Mathematica is vastly larger, and vastly more sophisticated than something like Matlab or Octave. This is not the place to educate you in that, but remember a few points

- it has been around (though obviously started off a lot smaller) since 1988

- it aspires to cover all of mathematics (though, again, obviously that can only be approached, not achieved)

(You can get a feel for the size here:

http://blog.wolfram.com/2016/08/08/today-we-launch-version-11/)

This means that your fundamental data structures are not something as limited as vectors and matrices. Even if you consider only that class of objects, you're dealing with arbitrary rank tensors, whose elements can each be anything from machine-precision doubles to integers to arbitrary precision floats/integers/rationals to variables to symbolic expressions. And these mixed objects can be appropriately added, contracted and suchlike.

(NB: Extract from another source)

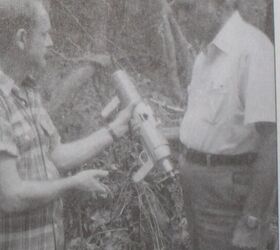 Lisk with the gun and an undefined observer to the right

This means in turn that there are not trivial single points in the system where you just slot in "high performance matrix multiplication" or whatever. Rather what has happened is, like I said, there are EXTREMELY generic (written by Wolfram) algorithms throughout the system and, over time, these are each specialized in an on-going fashion. Sometimes this specialization is CPU-generic (for example specializing off a fully general matrix addition routine down to a specialized routine for adding together two matrices of machine-precision doubles); other times it moves to the more CPU-specific (this would include, for example, bignum handling).

So I don't think your starting point ("Wolfram is ignoring someone or other's high performance BLAS routines") is correct; that doesn't accurately model how Mathematica works as a codebase, or how Wolfram works as a company. There are other, more subtle things going on.

For example we know that some code has been specialized to use parallel routines on the iPad, but only a limited set.

One's natural expectation would be that there's be a fairly high-level flag in the codebase that you could flip to have this kick in for all routines that have been so specialized, but we're clearly not seeing that. It seems unlikely that this is because all those routines are engaged in intricate RCU algorithms that only work on the precise x86 memory model; more likely I'm guessing is something like the flag was flipped, various things failed (someone's bug, maybe Wolfram's, maybe Apple's, maybe the compilers?) but anyway the flag was flipped back and a few experimental routines had the flag flipped back on again to test out that it works in these cases, and after we've shipped we'll figure out the generic case.

Likewise there appears to be absolutely no use of vectorization, which again suggests something like "we tried it, tests failed, we're working with XCode/LLVM to fix it, but for now it's switched off".

Wolfram appear to be taking this seriously

http://blog.wolfram.com/2017/10/04/notebooks-in-your-pocket-wolfram-player-for-ios-is-now-shipping/

and have also been frustrated at how long it has taken them. My guess is that the issue is very much the sorts of things I have described, rather than your sort of analysis.

> so you end up with one of two situations.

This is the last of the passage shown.